I guess the only solution would be to re-implement the read_function function in order to read from the XDMF file.

2 Likes

Any updates on this? Did you managed to reimplement it? I’m facing a similar issue right now.

Hi Tomaubier,

I’ve implemented a read function that reads a nodal vector field f, provided together with the nodal coordinates x, y, z in a text file with the order

fx1 fy1 fz1 x1 y1 z1
fx2 fy2 fz2 x2 y2 z2
...
fxn fyn fzn xn yn zn

with the following function:

def readfunction(self, f, V, datafile, normalize=False):
    
    # block size of vector
    bs = f.vector.getBlockSize()
    
    # load data and coordinates
    data = np.loadtxt(datafile,usecols=(np.arange(0,bs)),ndmin=2)
    coords = np.loadtxt(datafile,usecols=(-3,-2,-1)) # last three always are the coordinates
    
    # new node coordinates (dofs might be re-ordered in parallel)
    # in case of DG fields, these are the Gauss point coordinates
    co = V.tabulate_dof_coordinates()

    # index map
    im = V.dofmap.index_map.global_indices()

    tol = 1.0e-8
    tolerance = int(-np.log10(tol))

    # since in parallel, the ordering of the dof ids might change, so we have to find the
    # mapping between original and new id via the coordinates
    ci = 0
    for i in im:
        
        ind = np.where((np.round(coords,tolerance) == np.round(co[ci],tolerance)).all(axis=1))[0]
        
        # only write if we've found the index
        if len(ind):
            
            if normalize:
                norm_sq = 0.
                for j in range(bs):
                    norm_sq += data[ind[0],j]**2.
                norm = np.sqrt(norm_sq)
            else:
                norm = 1.
            
            for j in range(bs):
                f.vector[bs*i+j] = data[ind[0],j] / norm
        
        ci+=1

    f.vector.assemble()
    
    # update ghosts
    f.vector.ghostUpdate(addv=PETSc.InsertMode.INSERT, mode=PETSc.ScatterMode.FORWARD)

That works for me very efficiently in parallel also for large problems.

For other things such as restarting a simulation, I’m using PETSc viewer to write and read vectors, e.g.

viewer = PETSc.Viewer().createMPIIO('name.dat', 'w', self.comm)
variable.vector.view(viewer)

and

viewer = PETSc.Viewer().createMPIIO('name.dat', 'r', self.comm)
variable.vector.load(viewer)
variable.vector.ghostUpdate(addv=PETSc.InsertMode.INSERT, mode=PETSc.ScatterMode.FORWARD)

Hope this helps!

Best,
Marc

3 Likes

Awesome! thanks for your responsiveness!

I’d like to follow up on that, because this feature seems to already exist in PETSc.

According to petsc4py documentation there exists two ways to create a Viewer that interacts with hdf5 (here with the createHDF5 method and here).
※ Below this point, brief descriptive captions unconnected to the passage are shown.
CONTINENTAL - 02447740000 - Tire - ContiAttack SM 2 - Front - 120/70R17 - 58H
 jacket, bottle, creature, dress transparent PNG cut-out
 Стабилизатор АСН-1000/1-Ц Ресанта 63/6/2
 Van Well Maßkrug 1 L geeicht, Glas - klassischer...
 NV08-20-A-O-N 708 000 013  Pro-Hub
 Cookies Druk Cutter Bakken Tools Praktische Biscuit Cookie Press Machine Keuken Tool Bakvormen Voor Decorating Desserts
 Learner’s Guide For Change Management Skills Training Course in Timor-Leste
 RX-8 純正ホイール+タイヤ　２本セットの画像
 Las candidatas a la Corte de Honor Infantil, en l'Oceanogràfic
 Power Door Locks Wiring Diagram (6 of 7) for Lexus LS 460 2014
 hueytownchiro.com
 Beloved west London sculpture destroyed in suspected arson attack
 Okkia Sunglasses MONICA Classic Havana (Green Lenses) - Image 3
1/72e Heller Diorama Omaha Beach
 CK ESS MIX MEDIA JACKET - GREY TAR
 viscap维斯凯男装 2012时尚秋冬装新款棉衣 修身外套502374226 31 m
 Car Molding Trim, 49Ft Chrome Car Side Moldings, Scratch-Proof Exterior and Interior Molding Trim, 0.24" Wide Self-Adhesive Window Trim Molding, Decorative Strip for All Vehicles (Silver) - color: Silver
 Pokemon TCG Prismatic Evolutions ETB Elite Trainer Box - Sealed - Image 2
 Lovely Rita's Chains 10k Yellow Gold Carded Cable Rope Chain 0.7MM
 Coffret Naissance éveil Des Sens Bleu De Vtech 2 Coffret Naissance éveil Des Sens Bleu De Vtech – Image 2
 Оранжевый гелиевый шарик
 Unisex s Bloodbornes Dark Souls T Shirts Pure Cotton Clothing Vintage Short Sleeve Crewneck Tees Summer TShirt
This probably leads to the relevant PETSc handle (with its example).

However, any attempt to use these features inside the dolfinx docker container fail. Namely :

> sudo docker run -itv ~/my_folder:/home/shared -w /home/shared/ --rm dolfinx/dolfinx
root@whatever: python3 -c "from petsc4py import PETSc; PETSc.Viewer().createHDF5('dummy.h5')"

Produces an error :

Traceceback (most recent call last):
  File "<string>", line 1, in <module>
  File "PETSc/Viewer.pyx", line 182, in petsc4py.PETSc.Viewer.createHDF5
petsc4py.PETSc.Error: error code 86
[0] PetscViewerSetType() at /usr/local/petsc/src/sys/classes/viewer/interface/viewreg.c:442
[0] Unknown type. Check for miss-spelling or missing package: https://petsc.org/release/install/install/#external-packages
[0] Unknown PetscViewer type given: hdf5

I’ve emailed petsc-users about this, and it seems that PETSc has to be configured with the --with-hdf5 flag in order to take advantage of those features. I’ve tried to run the following commands inside the docker container :

root@whatever: cd /usr/local/petsc/
root@whatever: ./configure --with-hdf5 --with-petsc4py --force
root@whatever: make all

This takes time but produces same traceback as above. I’m trying to change the dockerfile to have a dolfinx image with hdf5 now, adding the proper flags in the PETSc section.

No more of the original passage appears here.